Or we make choices. It really isn't how much you make,but how you elect to spend it. I'm fortunate, I make really good money and can afford to buy lots of bikes, including the Santa Cruz Nickel for my 9 year old and the new hardtail I just built him. Everything is paid in cash, I have no credit cards and I live in a very nice neighborhood in a house that has significant equity (mortgage is 10% of my average monthly gross). Many of my friends and colleagues drive $50k cars, I choose to drive used cars and paid $4400 for the last one. In many cases it is a matter of where you choose to spend your money. In my case, my son loves to ride and all he wants to do this summer is go to Northstar and Downieville as much as possible. The time spent together is priceless.


----------



## XJaredX (Apr 17, 2006)

The other thing I don't get is I usually don't see comments like that when people post pics of their $12,000 S-Works or whatever bikes.


----------



## BullSCit (Mar 26, 2004)

I agree with CDMC, XJaredX and Surfpoodi, and you can't put a price-tag on your kid's happiness. We bike probably 4-5 times a week during the summer. We moved where we live (Park City, UT), so our kids could have access to everything that my wife and I didn't have when we were kids. We make good money between us both, but even if we didn't, we would have scraped together enough to get them the bikes they have. It's all about choices and sacrifice. And it would be cool if my daughter or son become world champs (they hear it from strangers at least once a ride), but I'm just happy that they love doing it, and aren't TV zombies like others. So for my daughter's $400 bike, she has ridden it maybe 200 times now, and will probably get another 100 times on it before she is too big for it. Then my son will probably get another 300 times on it, and then we will pass it down to my brother, whose son will hopefully get another 300 rides on it. So now we are down to less than 50 cents a ride cost. If she had a heavy POS Mongoose or something, maybe I would save a bunch of money, but I'd have to beg her to ride, instead of her begging me. It's all about decisions, and I gladly too will pay the $2500 in a couple of years if it will mean getting to spend as much quality time as I do with my kids as I do now. Don't hate, celebrate.


----------



## FreeHeelFreeRide (Mar 18, 2005)

Great looking bike Surfpoodi- very cool you are willing to support your kids passion. We all make choices and if you and your family are into bikes and biking I agree it is totally worth making sacrifices in other areas to give kids the best equipment possible... Especially if they learn to treat it well, utilize it fully and respect the trade offs made in order to make it possible. Enjoy your time riding with your little guy and thanks for sharing the photos and build info. Let us know how the bike holds up/works out for him.


----------



## Surfpoodi (Sep 14, 2011)

Thanks all for the support. I had no idea that a $2,000 bike made me a 1%er. For the record, I'm not. We do fine, but my car is worth less than Northerblades' bike. It is all about choices. 

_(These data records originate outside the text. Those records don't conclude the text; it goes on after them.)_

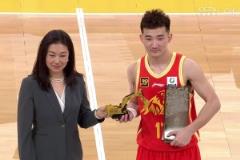 首位后衛(wèi)DPOY！孫銘徽領(lǐng)取最佳防守球員獎項還送小挖掘機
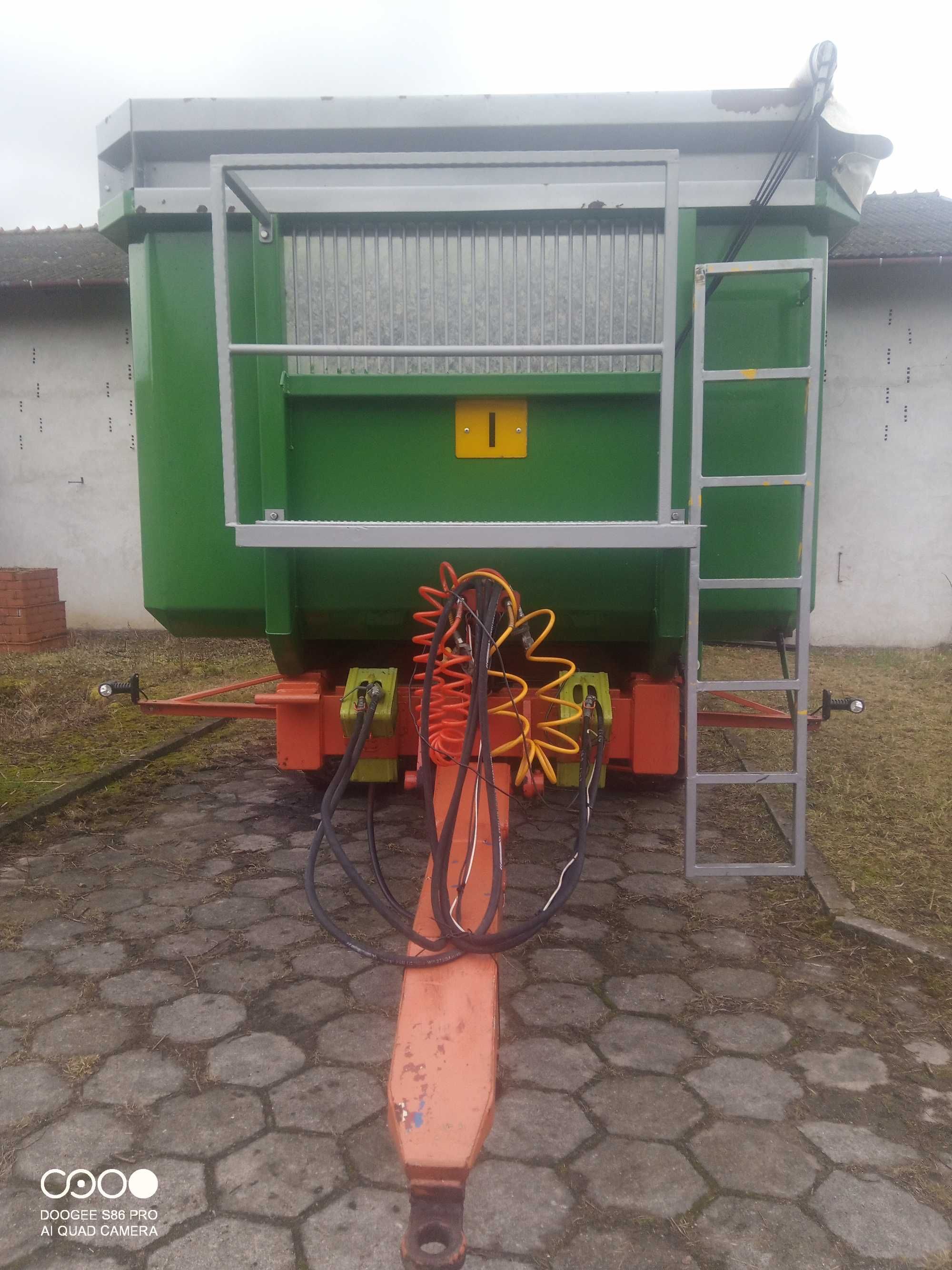 Przyczepa wywrotka tandem  skorupa 21 t Wielton, Pronar, Vaia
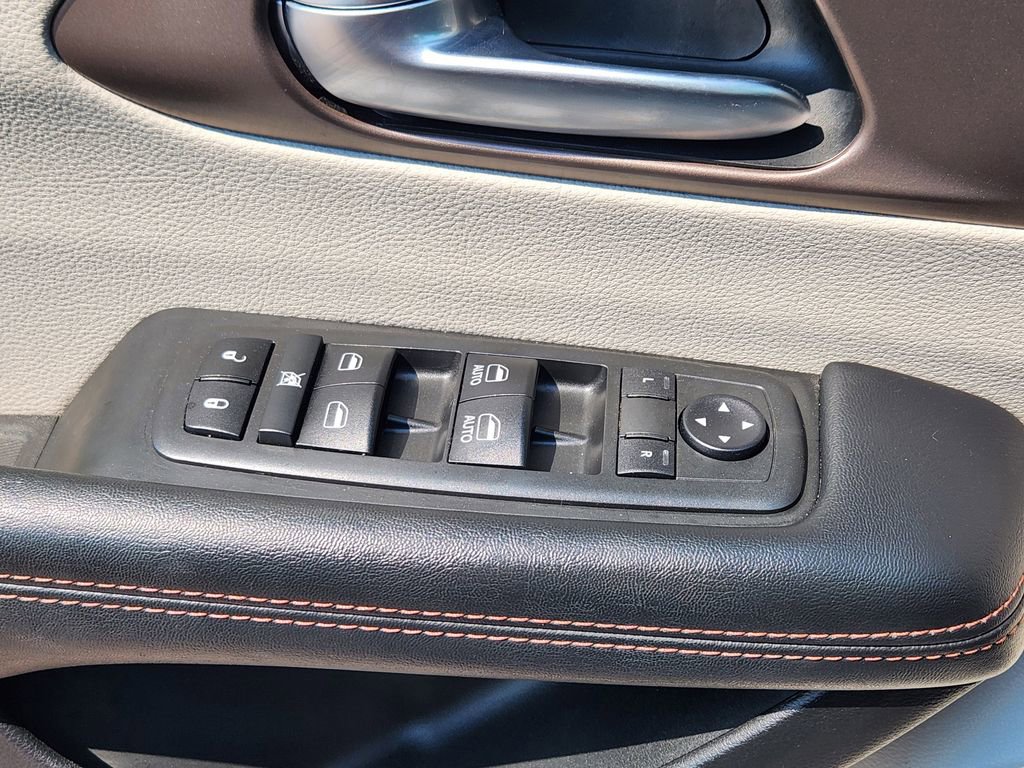 Used 2019 Chrysler Pacifica Touring image 5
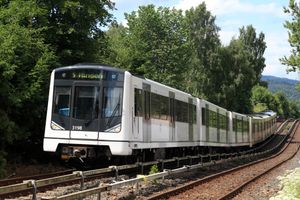 MX3000 차량이 환상선을 운행하고 있다.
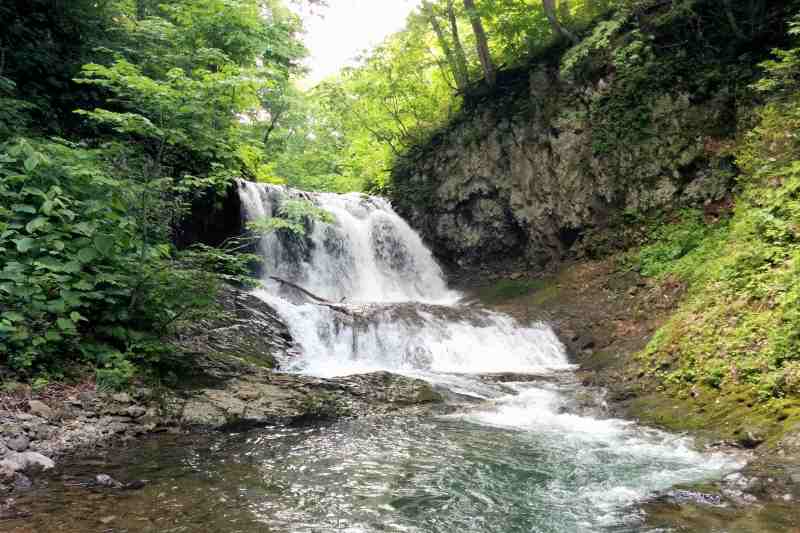 駐車場から徒歩1分 札幌市西区の 平和の滝 で気軽に自然を満喫してみよう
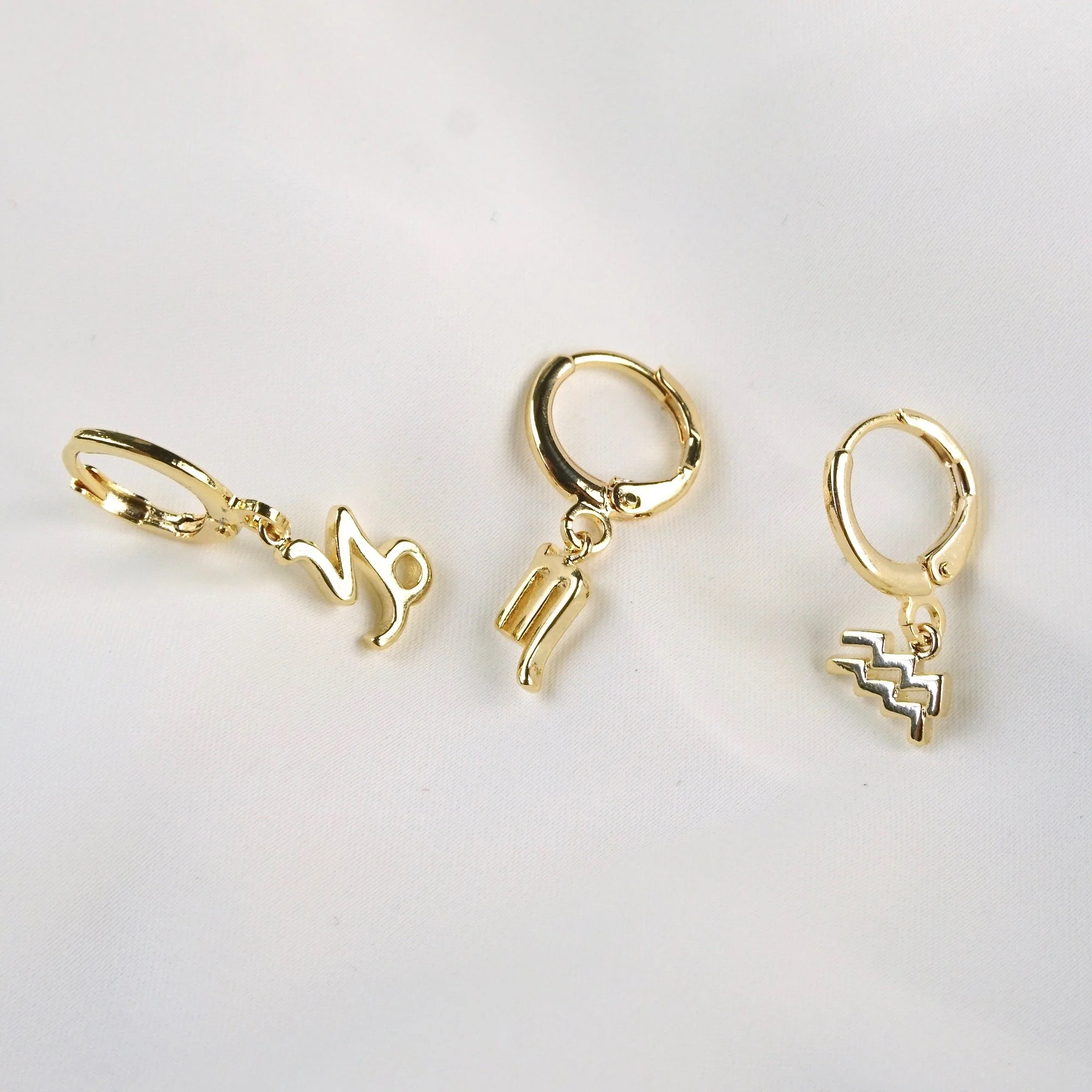 Silver Star Sign Earring - Image 5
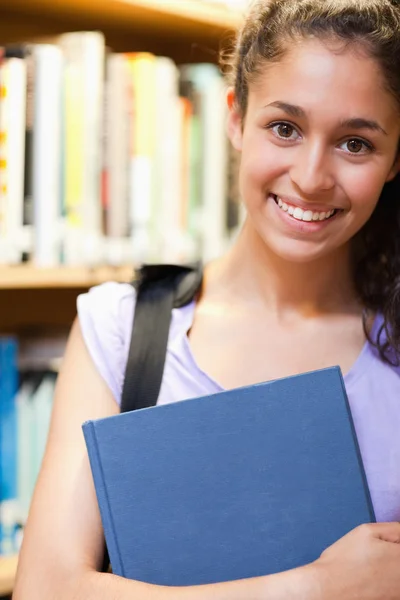 Πορτρέτο του μια ευτυχισμένη φοιτήτριας που κρατά ένα βιβλίο — Φωτογραφία Αρχείου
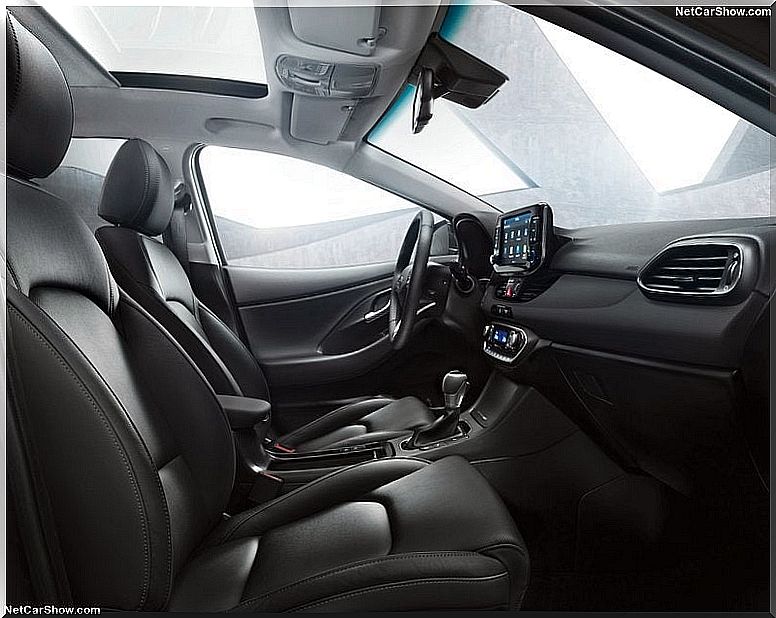 Hyundai i30 CW: interior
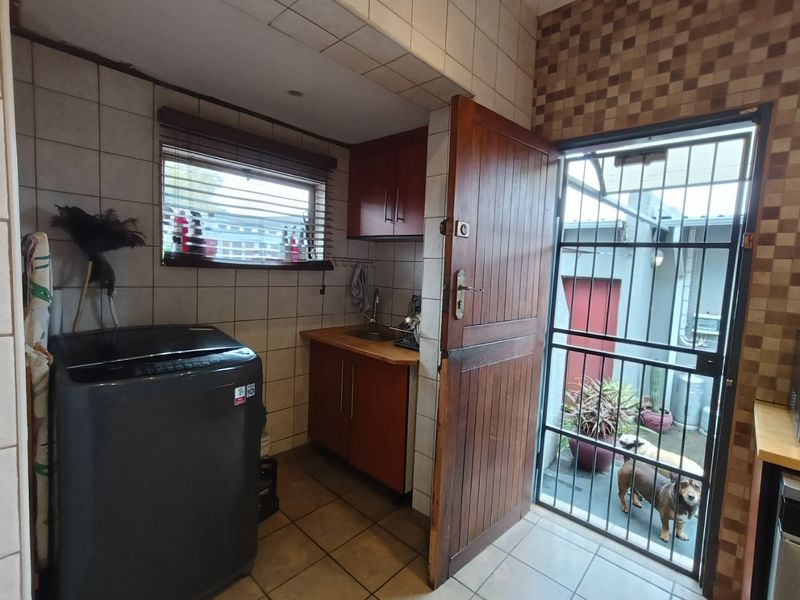 Spacious 3-Bedroom Home with Separate Flat – Prime Main Street Location! - Photo 5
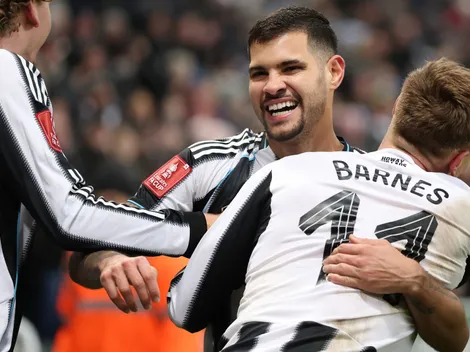 Bruno Guimarães volta a ser relacionado no Newcastle após lesão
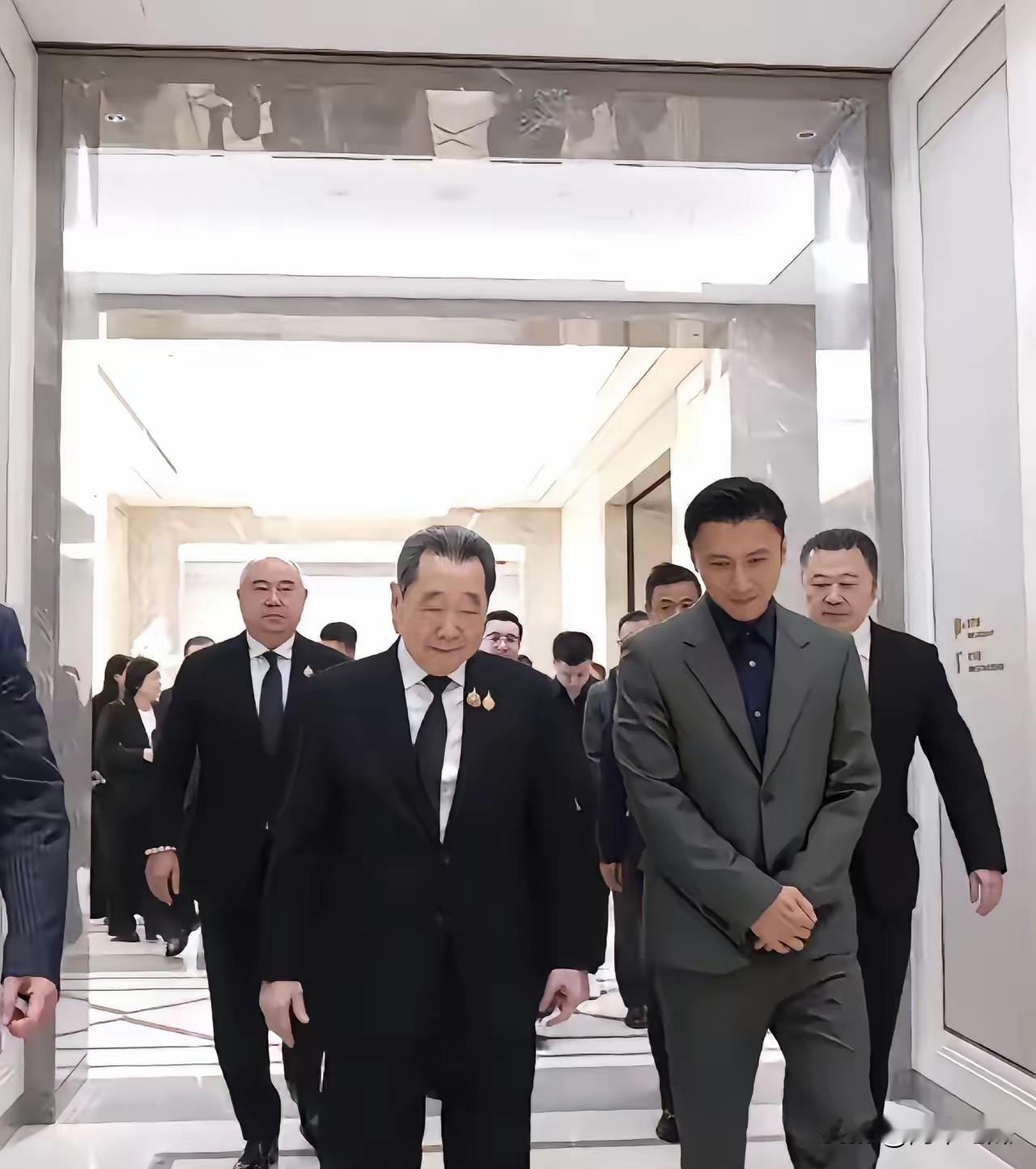 谢霆锋到泰国正泰集团，老板谢国民亲自接待，看得出来，对谢霆锋到访非常重视，谢霆锋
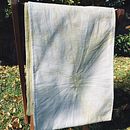 Mi proyecto del curso: Teñido textil con pigmentos naturales (curcuma y hojas de acelga) con la tecnica Shibori . % Alexandra Glaser tarafından hazırlanan Kendin Yap, Tekstil Bo, ama, Tekstil Tasarımı, Dekoras, Ve on projesi - 06.23.2023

My family spends most of our disposable income on bikes. And thankfully my wife and I still have industry connections from our racing days, which helps. Riding is just our thing. That is why I shared the build with other folks who are (hopefully) equally crazy about biking with their kids.

And honestly, I figure with a resale of around $1,000 we will be looking at a net cost of $1,000 for a bike for 3+ years. Is that crazy expensive? I don't know. Certainly not when compared to those $10k carbon wonderbikes I see on the trail every weekend. And no, I don't have one of those.


----------



## LB412 (Nov 28, 2012)

My 6 yr old is on a 20" wheel. Betting it will last no more than 2 yrs. 9 yr old moved to a 26" wheel this year. She is almost as tall as her mom so it works. We have a 24" in the garage as well. We let the 9 year olds friends borrow it if they choose to tag along. 9 yr old is riding in the mountains (socal) with me now... Pretty awesome.


----------



## TigWorld (Feb 8, 2010)

Good on you Surfpoodi. Awesome bike. Awesome build. $2000 is a lot to spend on a kids bike but only because people are way too stodgy in the way they treat their kids. If it costs you $300 a year over 3 years that's nothing. Especially when time spent riding with your kids (and the associated health benefits for your kids) are priceless. I know people that will pay easily more than $300/year on cable tv but would baulk at $300/year on a kids bike.

If I had limited funds I'd be riding a POS but my kids would still have nice bikes.

Note: in no way am I suggesting that you need a nice bike as a kid to have fun. A $100 walmart special will put a smile ear to ear on any kid just cruising around the neighborhood. But, if you want to take your kids off-roading riding single track with obstacles and big elevation changes, they need every advantage you can give them to make it stay fun and to make the riding safe.


----------



## slapheadmofo (Jun 9, 2006)

$2500 isn't really all that extravagant for a really cool toy. 
Try doing some shopping for snowmobiles, dirt bikes, or a Disney trip and it'll practically seem like a bargain.


----------



## TwoTone (Jul 5, 2011)

northernblades said:


> Never realised so many people have won the loto.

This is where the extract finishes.